Top of Entries provided
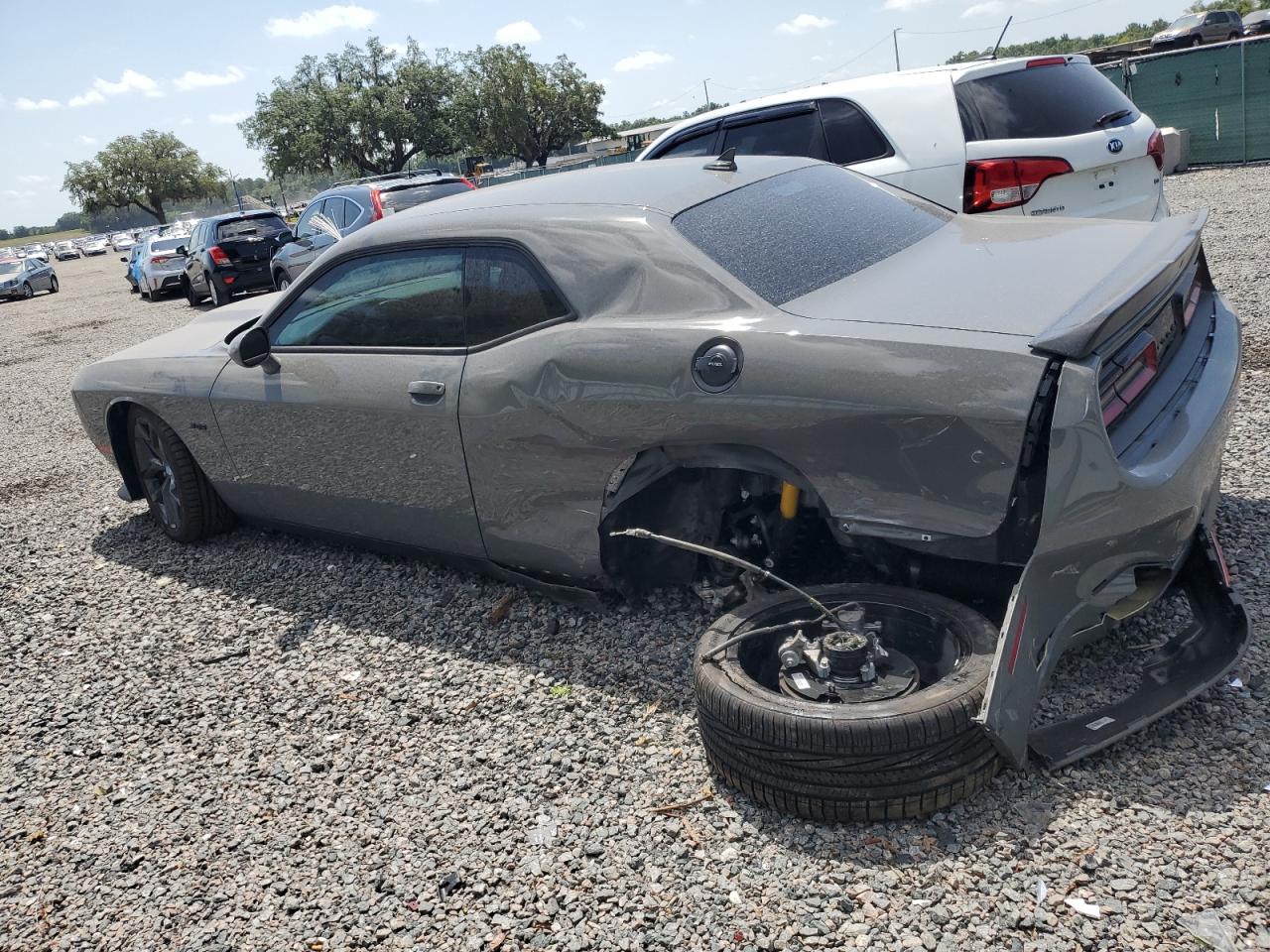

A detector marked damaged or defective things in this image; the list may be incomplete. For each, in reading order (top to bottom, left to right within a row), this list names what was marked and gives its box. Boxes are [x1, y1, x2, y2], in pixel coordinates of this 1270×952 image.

damaged dodge challenger [71, 155, 1254, 817]
exposed wheel hub [778, 603, 917, 698]
detached rear bumper [984, 290, 1238, 766]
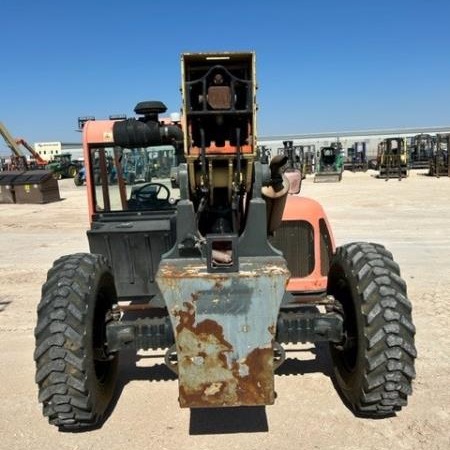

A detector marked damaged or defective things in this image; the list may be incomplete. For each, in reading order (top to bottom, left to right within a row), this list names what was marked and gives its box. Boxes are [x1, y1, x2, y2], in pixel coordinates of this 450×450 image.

rusty telehandler [33, 51, 416, 430]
Bottom of Entries provided
**How to complete this task**
Write out the records above in full and exactly, with no pictures.

**Solved problem**
A detector marked damaged or defective things in this image; the list may be incomplete. For each, in reading order (top to bottom, left to right within a row), this list names what was marked and gives its box. Boxes are [x1, y1, x2, y2], in pixel coordinates of this 1270×952 image.

damaged dodge challenger [71, 155, 1254, 817]
exposed wheel hub [778, 603, 917, 698]
detached rear bumper [984, 290, 1238, 766]

A detector marked damaged or defective things in this image; the list may be incomplete. For each, in reading order (top to bottom, left to right within a row), this list names what was marked and gives its box. Boxes are [x1, y1, x2, y2], in pixel coordinates of this 450×450 image.

rusty telehandler [33, 51, 416, 430]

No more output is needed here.